I was doing a bit of background for the blog looking at the series of articles on the “Wickedest Precinct” regarding slum conditions. A big thing that made it slummy, besides the trash, poorly maintained housing, and crime, there was the lack of indoor plumbing and sometimes lack of electricity.
I called up the Great and All Powerful Mom, my mother, since she has a) lived in a house with no indoor plumbing and b) does not turn on the selective memory (like some old folks) to get a better sense of life without running water. Growing up in the country they had a well, from where they got their water from. To bathe they would get a bucket of water, heat it on the stove, and use a bath towel to clean. For the toilet they had an outhouse. I asked about using the toilet. There was the outhouse and at night there was the chamber pot or bucket, which got emptied each morning. Please note how labor intensive things are. Imagine washing clothes and dishes, when everytime you need water, you have to pull it from the well.
I thank G-d for hot showers and flushing toilets. Yes, I understand that a good portion of the world doesn’t have those things, which just makes me more appreciative.

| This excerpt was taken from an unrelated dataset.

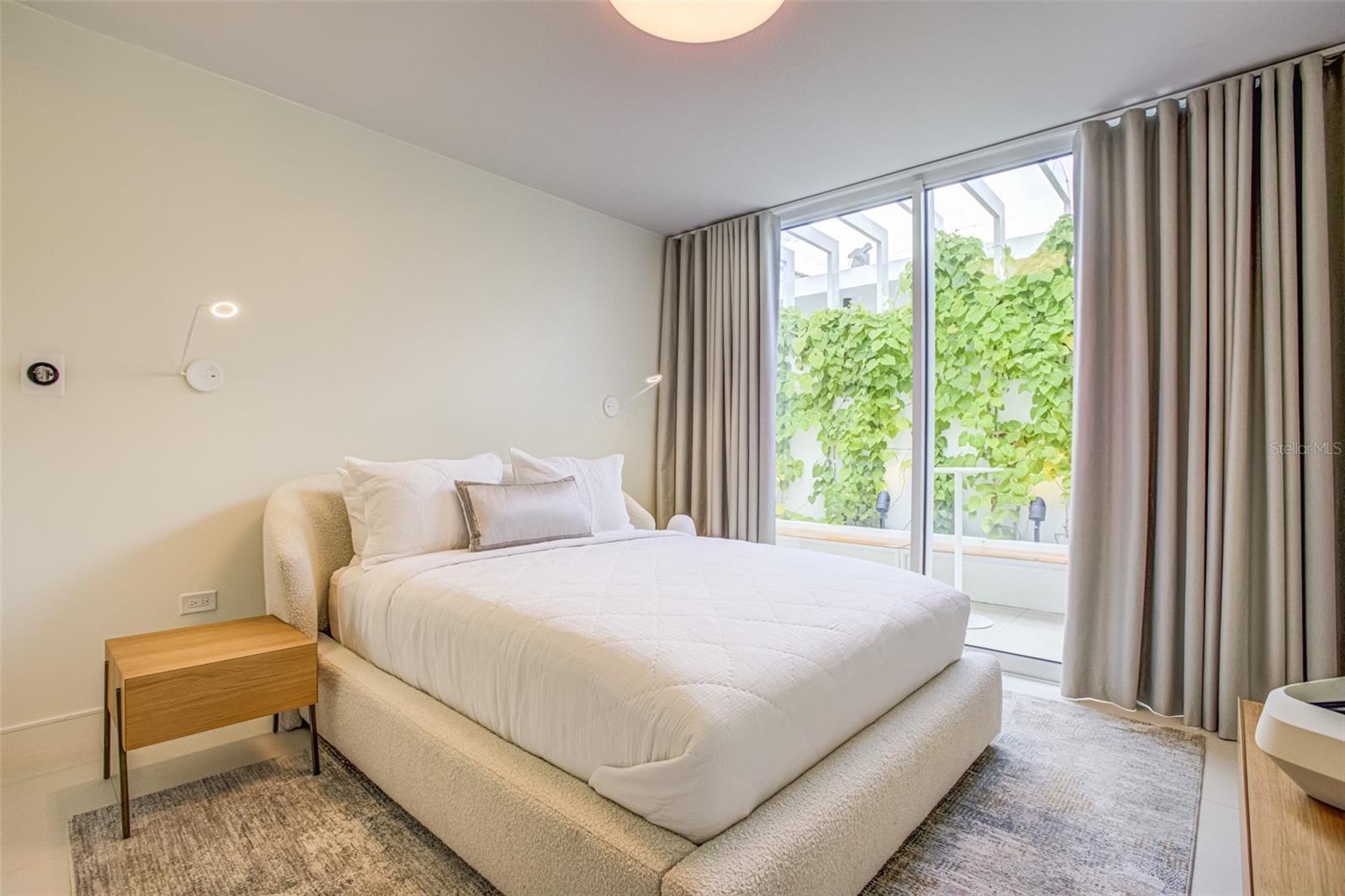 DORADO BEACH EAST - Residential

But back to Shaw, and details of our slummy history.
In the Washington Post series on the “Wickedest Precinct” in S.L. Fishburn in a March 14, 1954 article “No. 2 Leads City in Vice and Violence” there is a photo showing a woman getting water from an alley spigot. We are told by the caption that it is her only water source. I know from other documentation that it is more than likely true for her and hundreds of other households in the Shaw region in the 50s. There is another photo showing where the outhouse in a sort of lean-to where there is a board to walk on, to walk over the seepage.
Before I close up there is a jewel I want to quote:
The three-story Victorian eclectic mansion at 6th and M sts. nw., which stands out in sharp contrast to the squalor of the alleys behind it, was once the home of banker William Stickney, who served as president of Washington’s city council in 1871-74.
Today, with a still-fresh exterior, the mansion houses the church of Bishop C.M. “Daddy” Grace.
His church being the United House of Prayer for All People, UHOP, a presence in the Shaw and Mt. Vernon Sq. neighborhoods.